**Aim of the task**
Repeat verbatim each line from the line with "Home Collections Woven" to the end of the entries. Pictures do not belong in the copy.

**Entries shown**

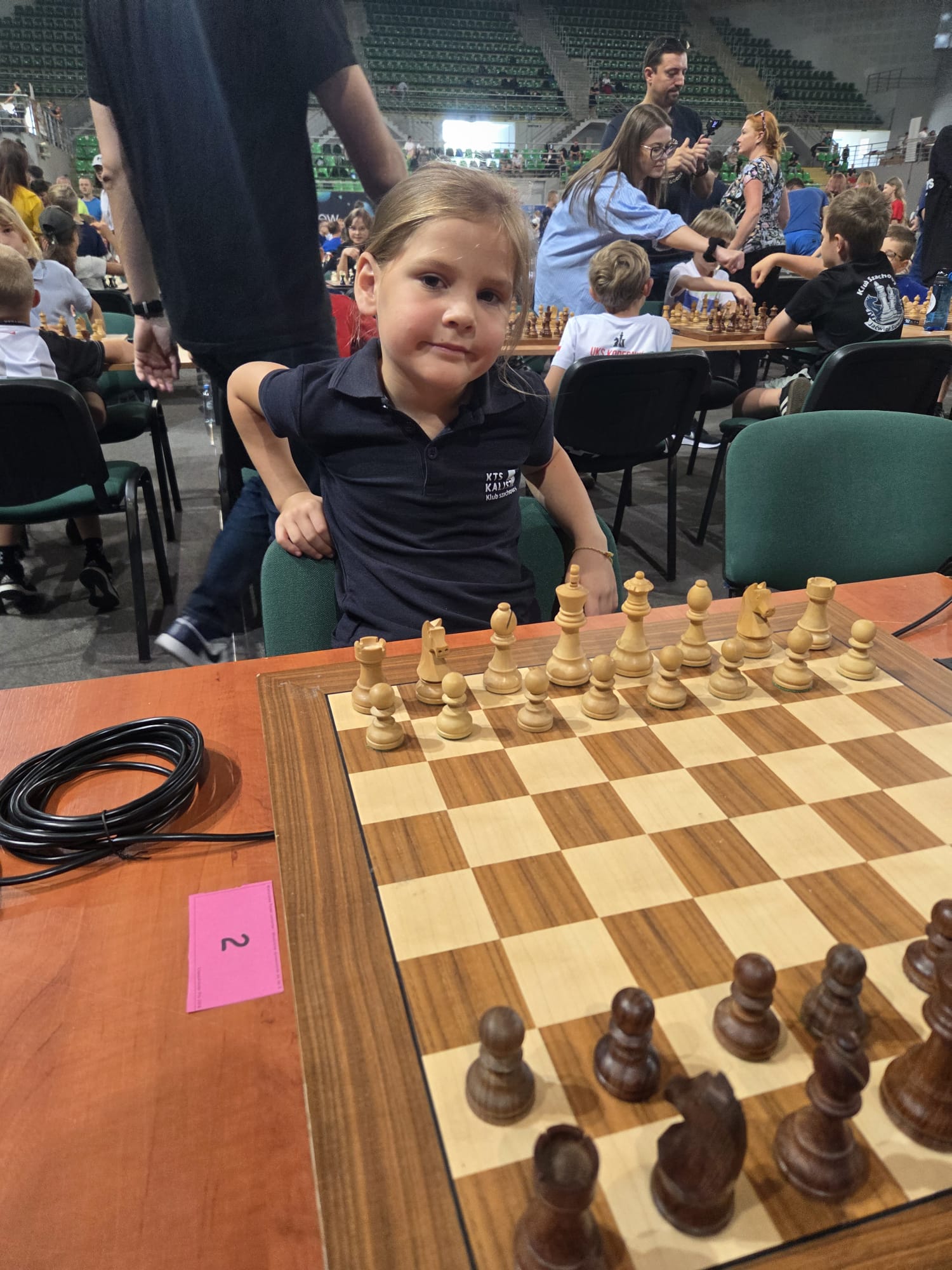 Weronika Rusek dwunasta w Mistrzostwach Polski Juniorów w szachach błyskawicznych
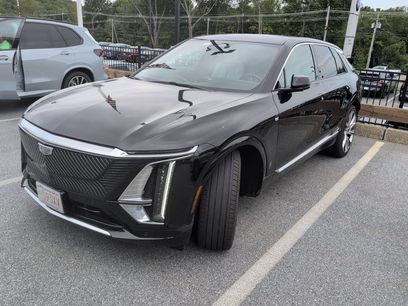 Used 2024 Cadillac Lyriq Luxury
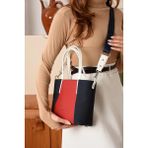 Just Polo Kadın Spor Model Ayarlanabilir Askılı Şık El ve Omuz Çantası Ebat : 24 x 20 cm Shopper - Tek Ebat
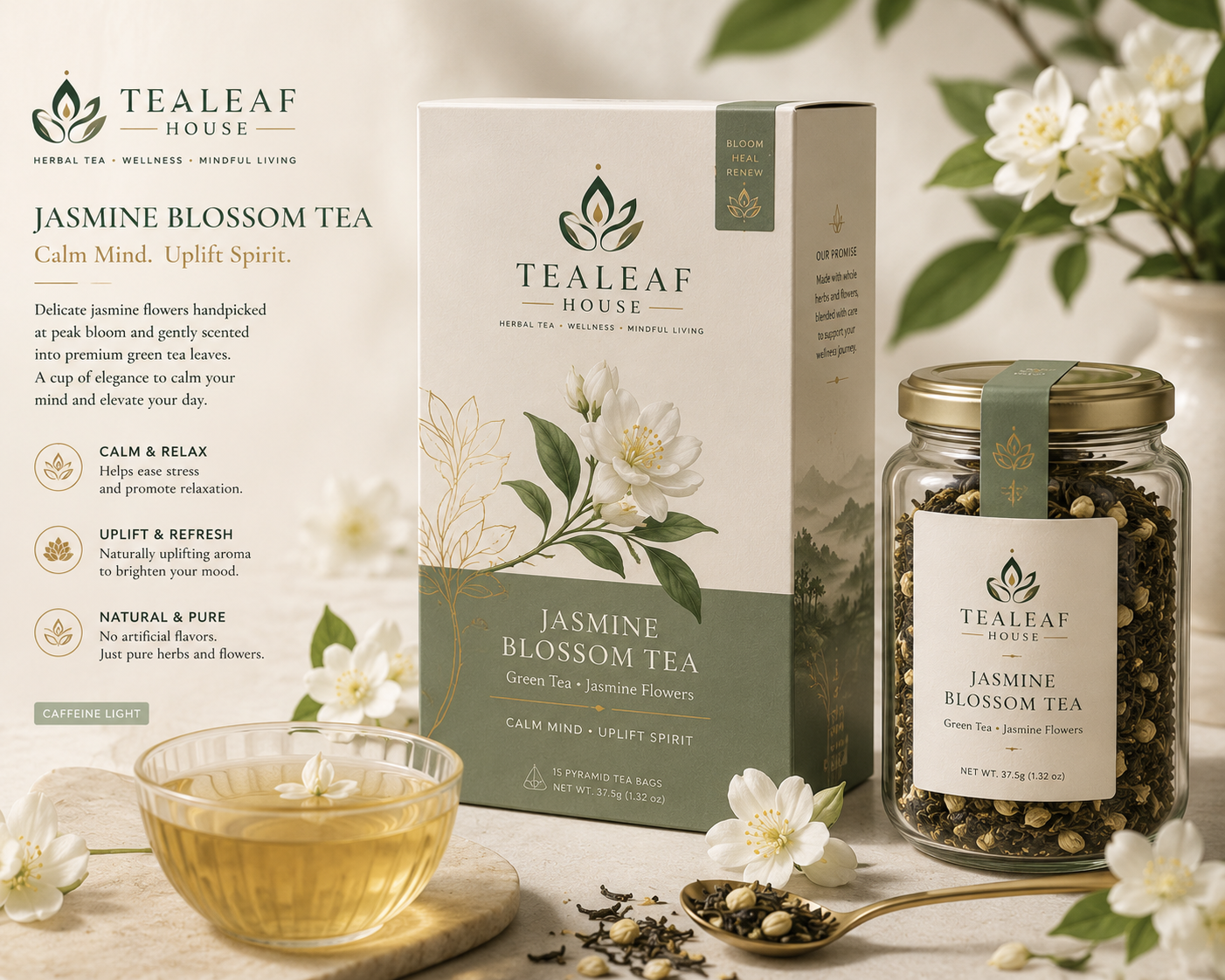 Jasmine Blossom Tea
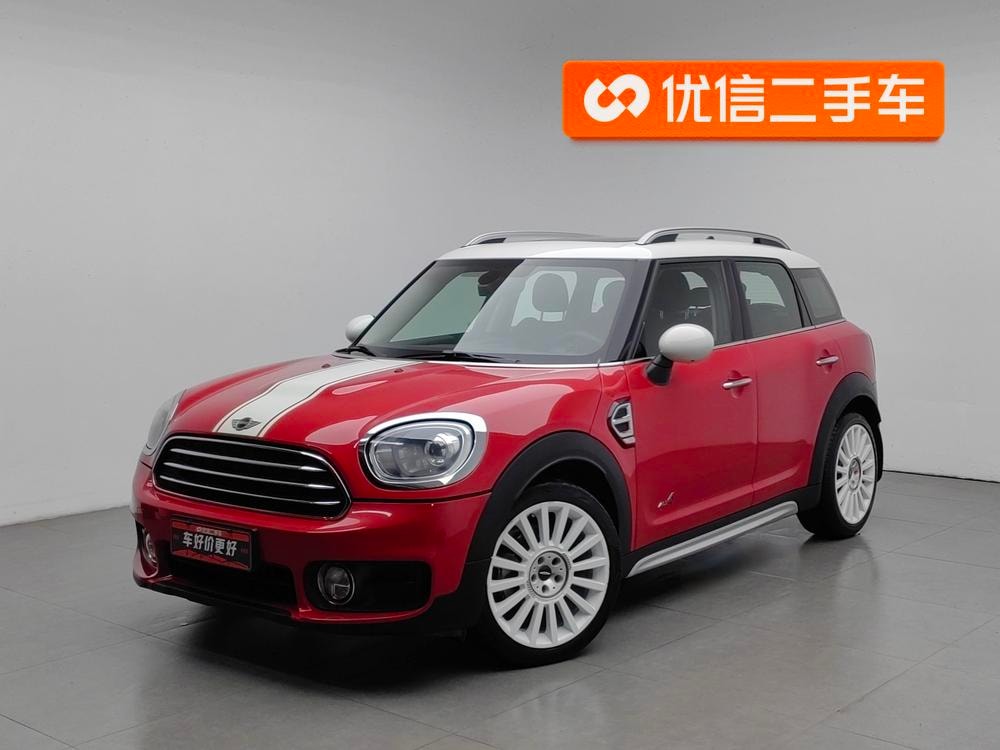 MINI COUNTRYMAN 2017 — фото автомобиля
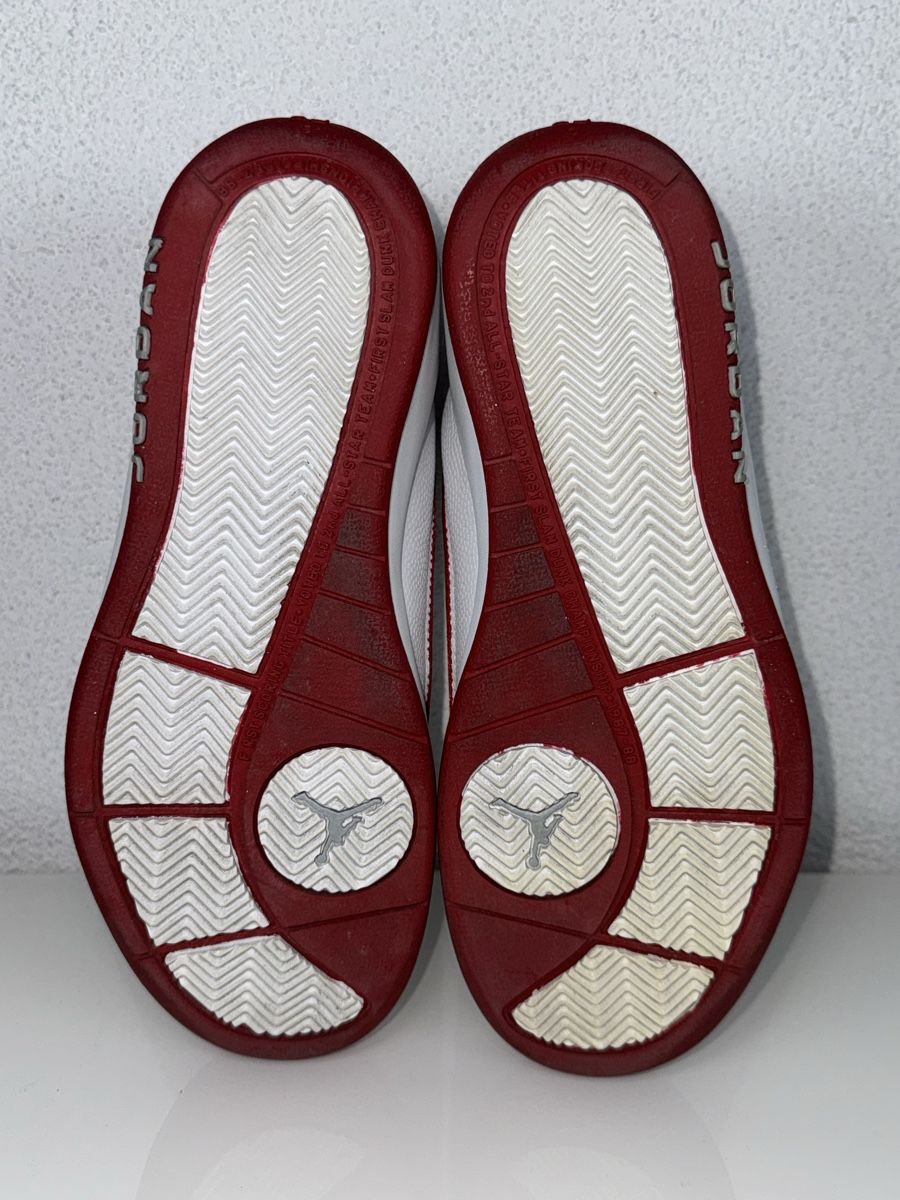 Jordan Herrenschuhe: Air Jordan 2 Retro White/Red – Gebraucht aus Glattpark(Opfikon) von modewelt 2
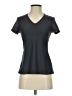 Athleta Gray Active T-Shirt Size XXS (estimated) - photo 1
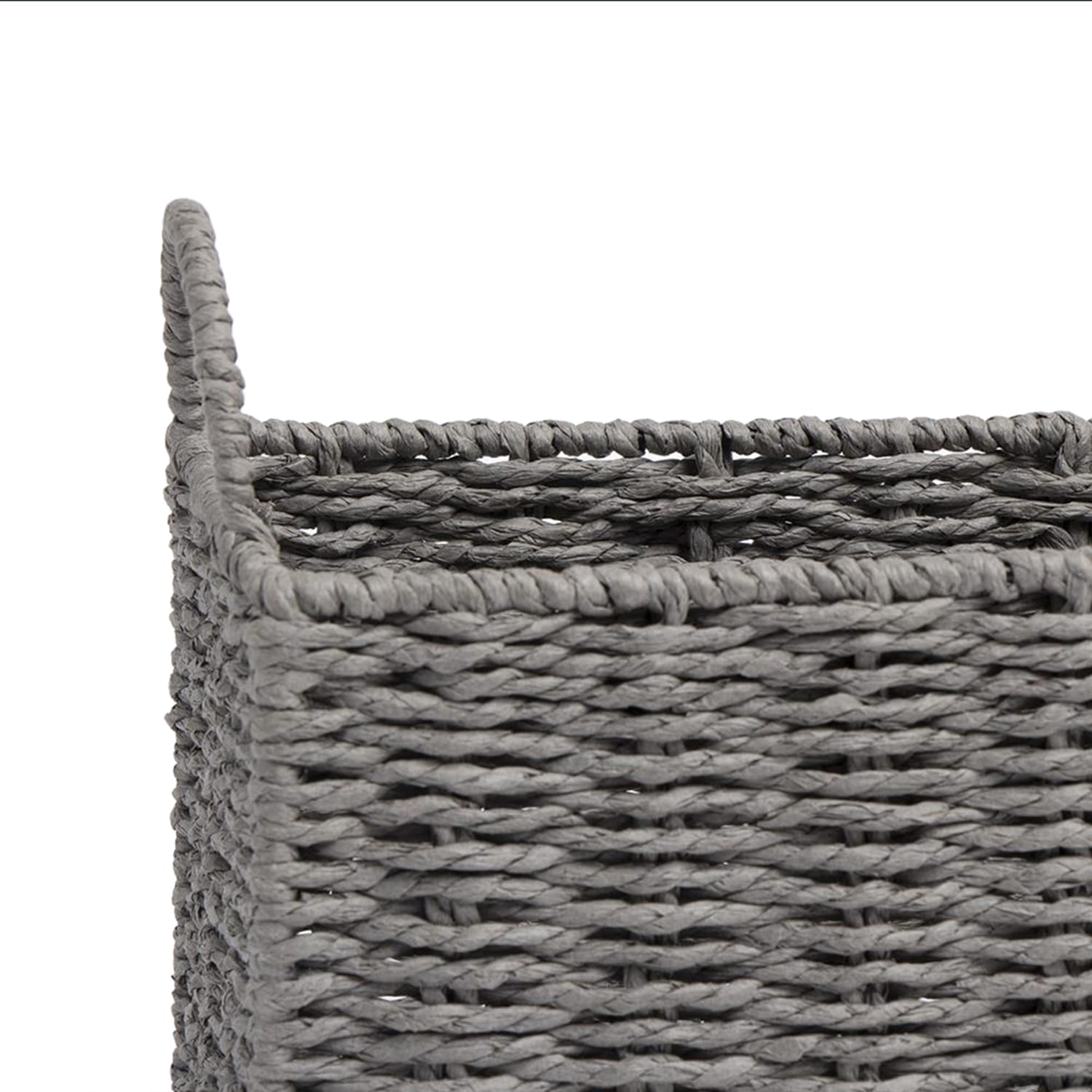 Home Collections Woven Rope Basket Home Bargains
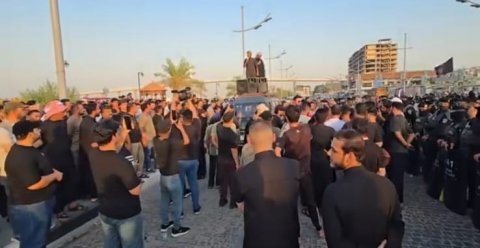 وقفة احتجاجية في البصرة تستنكر الاعتداءات على الصيادين العراقيين من قبل السلطات الكويتية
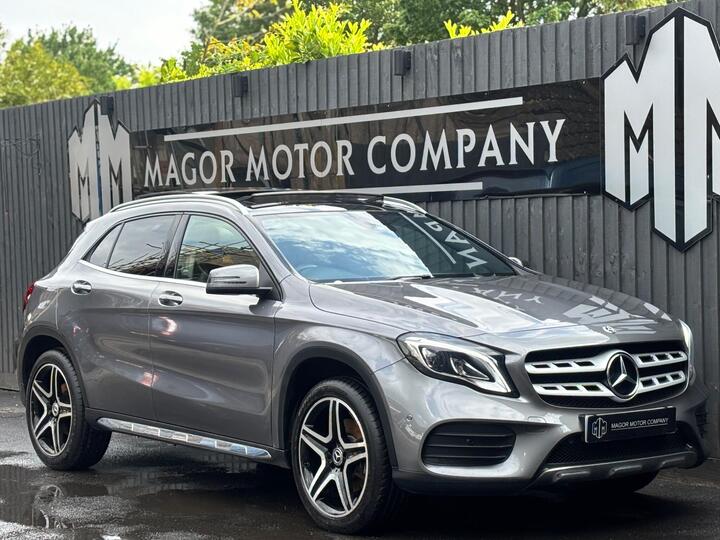 Mercedes-Benz GLA 2.1 GLA220d AMG Line (Premium Plus) 7G-DCT 4MATIC Euro 6 (s/s) 5dr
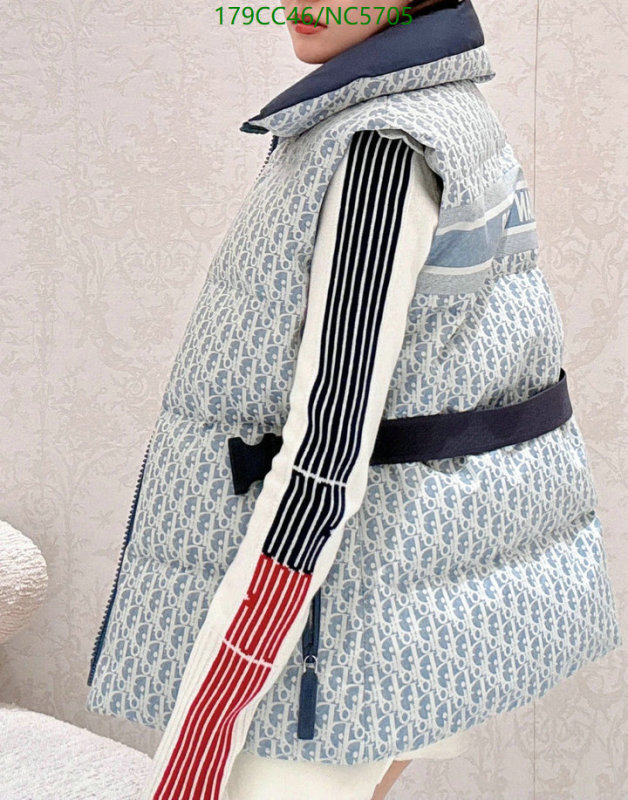Dior-Down jacket Women Code: NC5705 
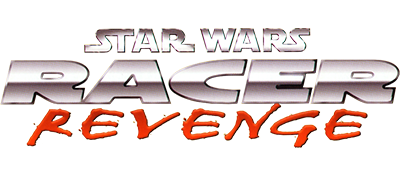 Star Wars Racer Revenge title screen for Playstation 2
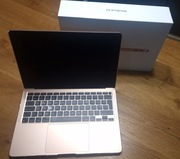 LAPTOP APPLE AIR 13-INCH MACBOOK A2337 różowy 8gb 256gb ssd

**Finished task**
 Home Collections Woven Rope Basket Home Bargains
 وقفة احتجاجية في البصرة تستنكر الاعتداءات على الصيادين العراقيين من قبل السلطات الكويتية
 Mercedes-Benz GLA 2.1 GLA220d AMG Line (Premium Plus) 7G-DCT 4MATIC Euro 6 (s/s) 5dr
Dior-Down jacket Women Code: NC5705 
 Star Wars Racer Revenge title screen for Playstation 2
 LAPTOP APPLE AIR 13-INCH MACBOOK A2337 różowy 8gb 256gb ssd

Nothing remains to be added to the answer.